Alright folks, I have set the date for the 3rd Michigan Herf at the Creole Cigar Factory in Lansing, MI. The date you have all been waiting for is May 28, 2005 at 3pm. This will be a great time. Everyone loved it the last time so I will do this again. Please post here if you are interested in attending this great event. Email me at jayjaysmit at yahoo for directions. I recently had one of these in March and we had a great turnout (15 people) with people staying as late as 11pm. This went over so well that I am going to do this again. I can't wait to see all of you. I am not sure what special cigars I will have but, we will think of something. This weekend we are going to be doing a tasting of some new cigars so, I will have some of those I will give to a few people for input. Please do not smoke anything before you come if you would like to be selected for this tasting. 
Thanks, Jason


----------



## shaffej3 (Apr 24, 2005)

Just an update
There is no cost for this herf, just bring yourself and some cigars if you'd like to trade. I will have snacks and pop but, if you prefer alcohol you must bring your own. The last couple of times we have had people come from Lake Orion, Ann Arbor, Coldwater, Livonia, Grand Rapids, Muskegon and several other places. I can email you directions and the address if you you would like me to. There is usually deep discounts on cigars if you are interested. 

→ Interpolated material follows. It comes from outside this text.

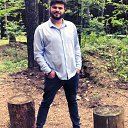 ���� ����, �������, 31 ��� - ��������� 23 ������� 2019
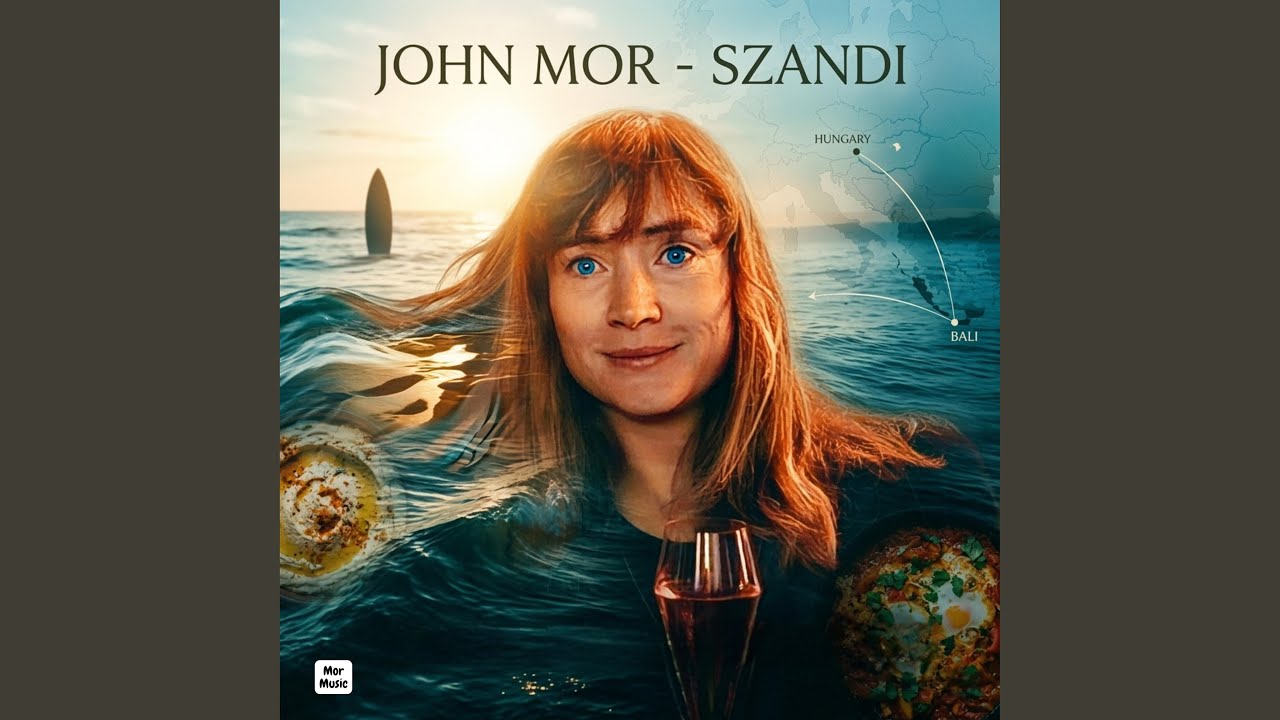 Szandi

I will have a master roller (Nicholas) available for your viewing pleasure. This is really nice to watch someone of this calibur roll. Nicholas has been rolling for over 25 yrs and at one time worked for Fuente. He is great! 

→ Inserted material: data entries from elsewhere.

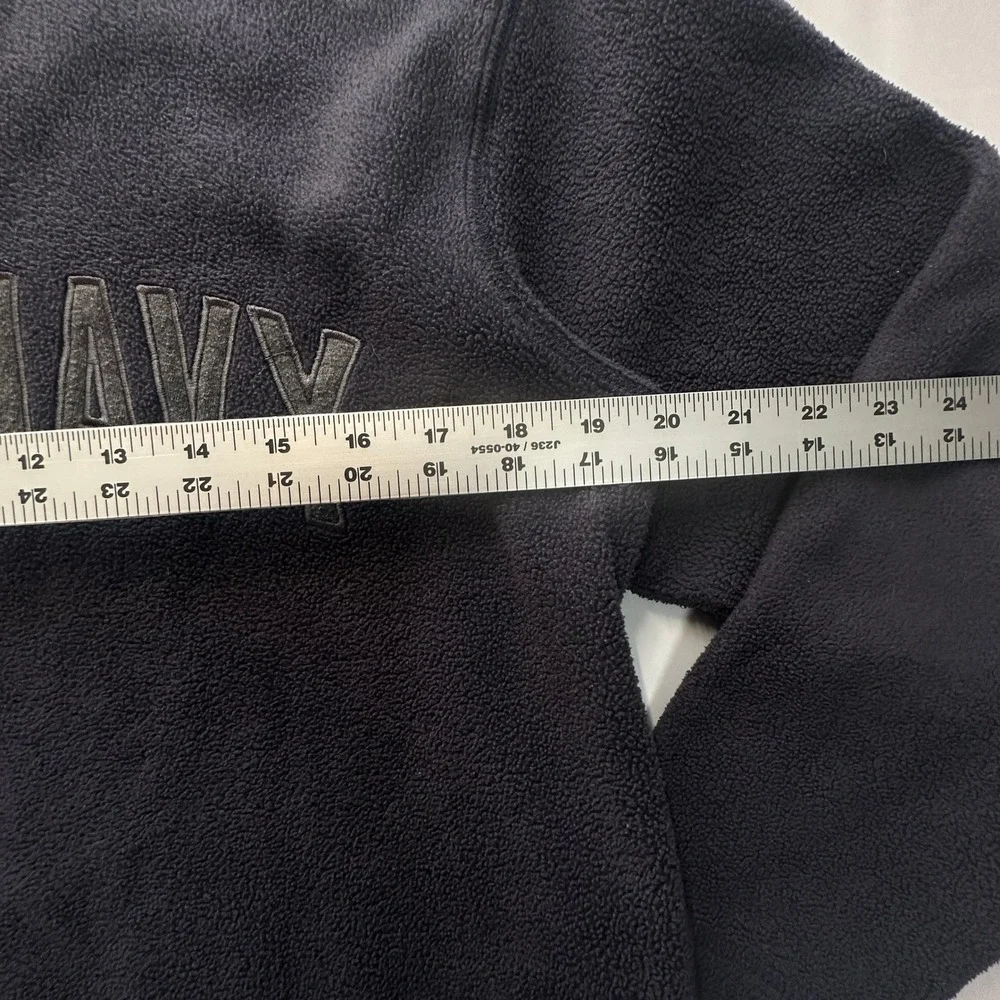 Old Navy old navy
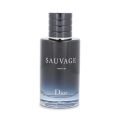 CHRISTIAN DIOR SAUVAGE PARFUM 100ML EDP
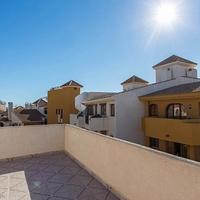 Пентхаус в Испании, Валенсия, Аликанте, 130 кв.м.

The more that I do these Herf's the better they are getting. If you can make this you will not be dissappointed. Marshall Kirk, the owner of Creole Cigar Factory, is an outstanding host.

If there are any questions just let me know
Thanks, Jason


----------



## shaffej3 (Apr 24, 2005)

Only a few more days until the Herf. This is going to be a great herf. We will have another 10-15 people. I can't wait


----------